STBX: I stopped the photography business, when we separated
Me: Ok. But I'm talking about YOU. Within YOURSELF
STBX: *Blank stare* Well what have YOU changed?

I start talking a bit about boundaries. Lets just say he started to take it personally, so I reminded him that I'm talking about things within MYSELF. Which calmed him down

We get into a manager's office and break out the paperwork. While she's working on it, STBXH's phone rings and he takes it out of his pocket thinking it was work. I look over and see a pic of a blonde girl I've never seen before on his background. He answers, it's his sister (who is NOT blonde btw). He hangs up and I look at him and say, "whose picture was that?" He looks at me weird, and says "what picture?" 
Me: The pic on your phone, who is it. Is it M? (knowing perfectly well it wasn't his sis)
STBX: yeah its a pic of M
Me: No it wasn't, it didn't look like her. Let me see
STBX: No
Me: What?

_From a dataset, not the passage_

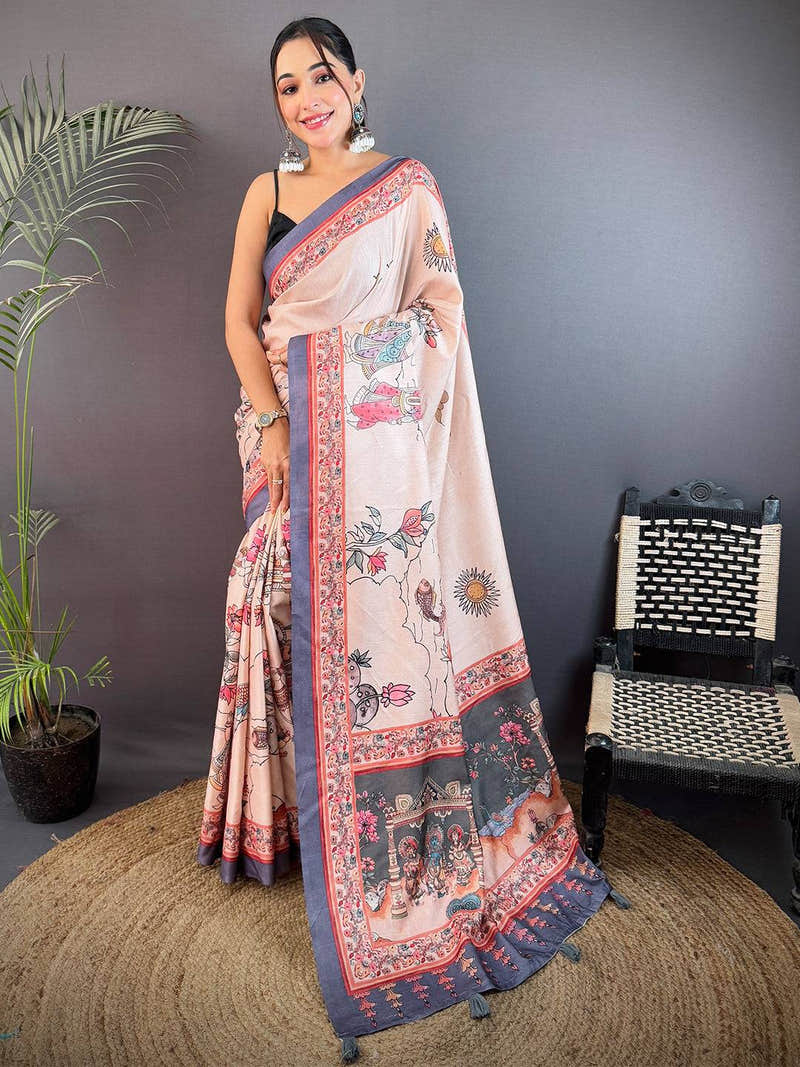 Graceful Tussar Kalamkari Print Saree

Let me see
STBX: No....(chuckle)

The manager gets up to go make copies

STBX: Why are you acting like this in front of this lady?
Me: Acting like what? You won't show me this pic you have on your phone, who is it?

Manager comes back. Has us both sign...ironically saying "this is a signature confirming the end of this relationship". She also recognized the situation that has just transpired before her. She gets back up to make copies

STBX: You're acting crazy
Me: You're acting shady
STBX: *laughs* (this is so typical of him in situations like this...I get mad he laughs)
Me: *laughs* thinking....this sonofab*tch is playing games with me...

We leave and walk to the cars.

STBX: Precious, you have to stop getting like that
Me: Like what?
STBX: Acting like that in front of the lady, you know I don't like that
Me: Stop telling me how to feel. I see a picture of another woman on your phone, I'm allowed to feel any way I want.
STBX: Ok this is a problem. Why do you want to see my phone
Me: Because there's a pic of some chick on there and I asked to see it. And you're telling me no, and that makes it more freaking suspicious
STBX: But why did you have to do it in there?
Me: Because I saw it and I called it out in the moment it happened
STBX: See? It's that attitude.....you can't get like that
Me: I can get any way I want. You don't control me. Show me the phone
At this point I've pretty much lost control. I'm pissed. So pissed.....and all that's replaying in my head right now is what I saw on Marriage Bootcamp and that shady-a** man that wouldn't show his wife his phone because he was a dirty cheater and had something to hide.
STBX: (still not showing me the phone) Ok, it's a pic from a photoshoot I did. I've done a few photoshoots. You know how I had XXXX's photo on my phone for awhile?
Me: That was not XXXX (she is a dark brunette)
STBX: No it's not, but you know it's like that

STBX give me a hug, a kiss (all the while I'm not reciprocating). 
STBX: I've got to go back to work

I don't answer.
We continue the banter for awhile....him telling me I have attitude....then I tell him he's shady. He asks when we're going to get back together to talk about "our stuff". I don't answer. We leave the conversation with me blowing him off....which I've never ever done.

Not even 2 minutes later he calls my phone:
STBX: "Babe don't get like that"
I can't even remember what I said.
STBX: "You know I put photoshoot pics and stupid pics on my phone" (ummm...no I don't...but I guess in his world I do)
And to be honest I'm too exhausted to replay that conversation in my mind. I remember using the word liar a few times. He re-iterated that "I'm the best" and "We're going to do what's best for us" and we'll get back together and talk things out. It was a mistake to not call me for so long......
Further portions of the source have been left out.